A Hog Waste Agreement Lacked Teeth, and Some North Carolinians Say They’re Left to Suffer

Nearly 20 years ago, North Carolina faced a reckoning. Hurricane Floyd inundated the state, flooding the open pits where farmers store hog waste. The nation looked on in horror as pink sludge from the lagoons mingled with rising floodwaters to force stranded animals atop hog houses and drowned thousands of pigs.

November 13, 2018 | Source: ProPublica | by Talia Buford

Today, many farmers continue to store the waste in open pits despite the millions of dollars in private investment spent and years of research and political promises. The practice grows more hazardous with each hurricane that pounds the state.

The lagoons were supposed to be gone by now.

Nearly 20 years ago, North Carolina faced a reckoning. Hurricane Floyd inundated the state, flooding the open pits where farmers store hog waste.
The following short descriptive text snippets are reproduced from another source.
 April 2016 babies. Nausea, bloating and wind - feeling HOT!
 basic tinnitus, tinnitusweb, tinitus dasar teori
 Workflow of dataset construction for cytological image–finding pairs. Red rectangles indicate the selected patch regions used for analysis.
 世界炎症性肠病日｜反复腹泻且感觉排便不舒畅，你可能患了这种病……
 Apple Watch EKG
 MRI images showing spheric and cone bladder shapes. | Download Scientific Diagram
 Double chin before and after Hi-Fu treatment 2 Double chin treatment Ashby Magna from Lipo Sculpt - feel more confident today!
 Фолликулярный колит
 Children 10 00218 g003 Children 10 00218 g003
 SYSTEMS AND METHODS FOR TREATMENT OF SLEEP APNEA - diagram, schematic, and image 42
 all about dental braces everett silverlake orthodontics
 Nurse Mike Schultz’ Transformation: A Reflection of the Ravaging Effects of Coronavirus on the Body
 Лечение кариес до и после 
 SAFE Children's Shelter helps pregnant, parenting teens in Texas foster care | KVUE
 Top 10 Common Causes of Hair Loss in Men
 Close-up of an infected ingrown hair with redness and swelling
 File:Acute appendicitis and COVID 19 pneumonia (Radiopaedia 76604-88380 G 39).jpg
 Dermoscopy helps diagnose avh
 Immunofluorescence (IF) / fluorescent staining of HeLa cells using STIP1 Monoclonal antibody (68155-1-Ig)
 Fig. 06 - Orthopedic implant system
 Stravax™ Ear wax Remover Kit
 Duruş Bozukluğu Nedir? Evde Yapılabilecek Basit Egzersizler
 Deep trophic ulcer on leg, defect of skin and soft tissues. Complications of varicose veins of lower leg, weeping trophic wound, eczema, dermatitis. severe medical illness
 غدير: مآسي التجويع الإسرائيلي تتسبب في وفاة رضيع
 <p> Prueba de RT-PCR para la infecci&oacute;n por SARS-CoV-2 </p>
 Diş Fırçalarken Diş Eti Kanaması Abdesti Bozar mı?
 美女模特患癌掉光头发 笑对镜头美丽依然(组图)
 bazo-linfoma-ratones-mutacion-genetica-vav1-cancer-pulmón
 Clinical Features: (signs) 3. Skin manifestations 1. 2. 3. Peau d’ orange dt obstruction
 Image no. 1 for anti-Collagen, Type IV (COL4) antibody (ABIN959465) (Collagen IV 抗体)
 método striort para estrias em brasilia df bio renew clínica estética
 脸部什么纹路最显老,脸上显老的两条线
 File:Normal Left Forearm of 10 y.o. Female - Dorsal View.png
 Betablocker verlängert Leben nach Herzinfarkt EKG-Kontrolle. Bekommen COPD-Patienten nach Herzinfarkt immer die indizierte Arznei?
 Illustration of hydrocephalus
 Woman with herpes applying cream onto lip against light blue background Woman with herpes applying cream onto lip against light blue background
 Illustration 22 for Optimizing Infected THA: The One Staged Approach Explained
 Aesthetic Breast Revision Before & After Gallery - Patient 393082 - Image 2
The nation looked on in horror as pink sludge from the lagoons mingled with rising floodwaters to force stranded animals atop hog houses and drowned thousands of pigs.

State officials vowed change and in 2000 delivered a plan. The centerpiece was an agreement with Smithfield Foods, the world’s leading pork producer and one of North Carolina’s biggest businesses. Smithfield agreed to finance research into alternatives to the lagoons and to install within three years whatever system emerged as environmentally effective and economically viable.